The Azure PowerShell cmdlets are really first class if you’re wanting to manage Azure with PowerShell. However, they don’t always support the very latest Azure components and features. For example, at the time of writing this there is no Azure PowerShell module for managing Azure Container Instances.
The solution to this is to install the Nightly Build of Azure CLI 2.0. However, on Windows it is not entirely clear the easiest way to do this. So, in this post I’ll provide a PowerShell script that will:
Use PIP (Python package manager) to install the latest nightly build packages
Update the Environment Path variable so that you can use Azure CLI 2.0.

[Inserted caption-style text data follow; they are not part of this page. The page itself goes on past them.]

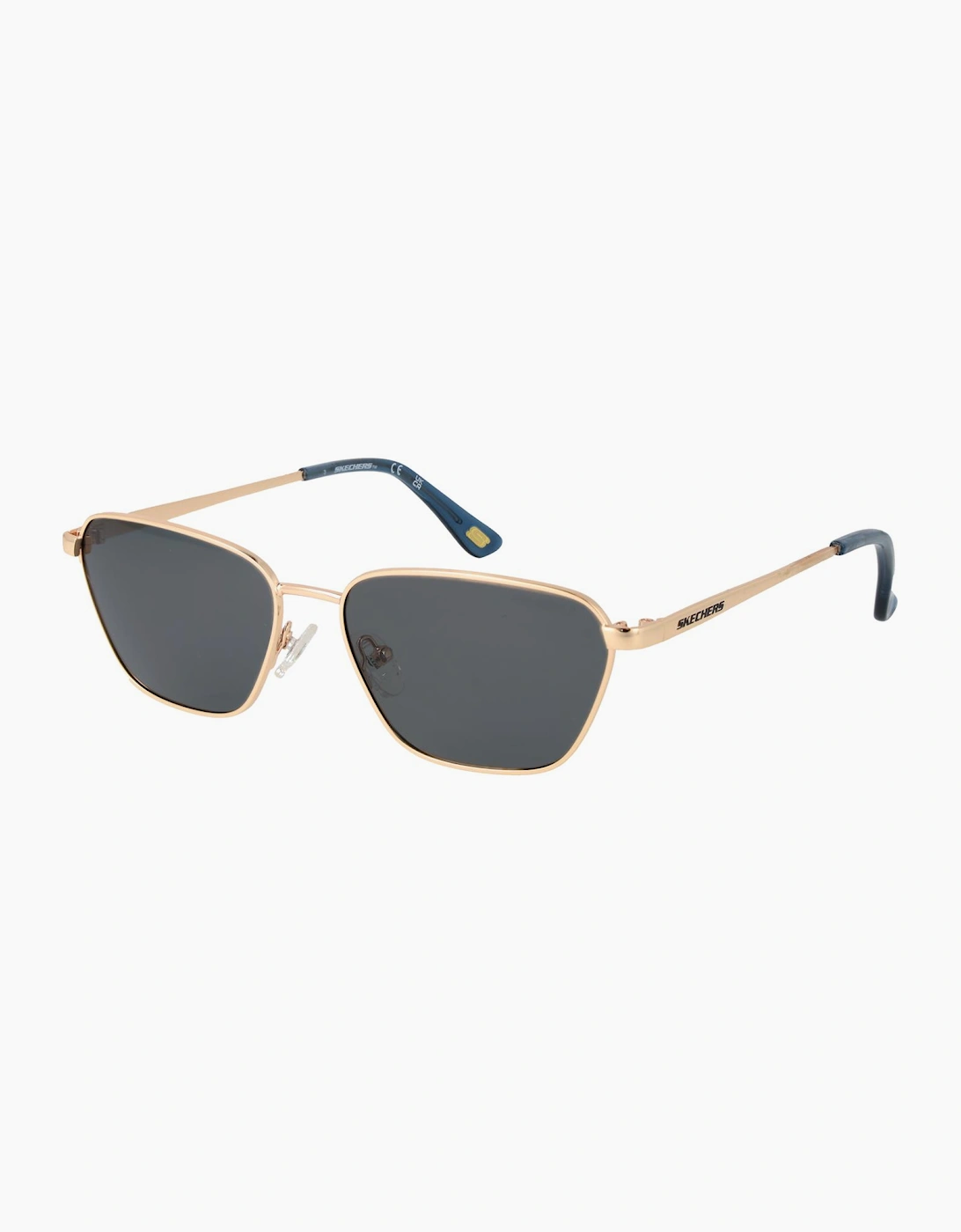 Skechers Sunglasses SE6272 32D 55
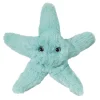 Sea Life<Douglas Toys Angie Aqua Starfish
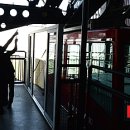 앞산케이블카 이미지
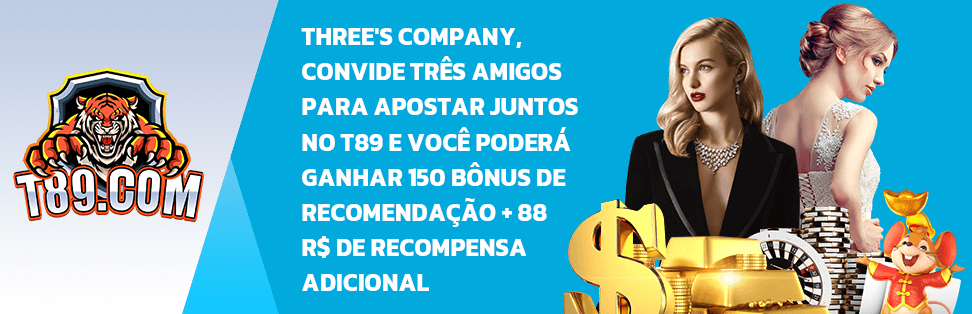 mega da vira apostas capital sp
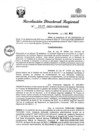 Vista preliminar de documento RDR Nº 3537-2023-GRSM-DRE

Note: If you have the stable build of Azure CLI 2.0 installed using the MSI then you’ll need to configure your Environment Path variable to find the Az command that you’d like to use by default. I personally removed the stable build of Azure CLI 2.0 to make it easier.
Performing the Install
Make sure you’ve got Chocolatey installed. If you aren’t sure what Chocolatey is, it is a package management system for Windows – not unlike Apt-Get or Yum for Linux. It is free and awesome. In this process we’ll use Chocolatey to install Python for us. If you haven’t got Chocolatey installed, see this page for instructions.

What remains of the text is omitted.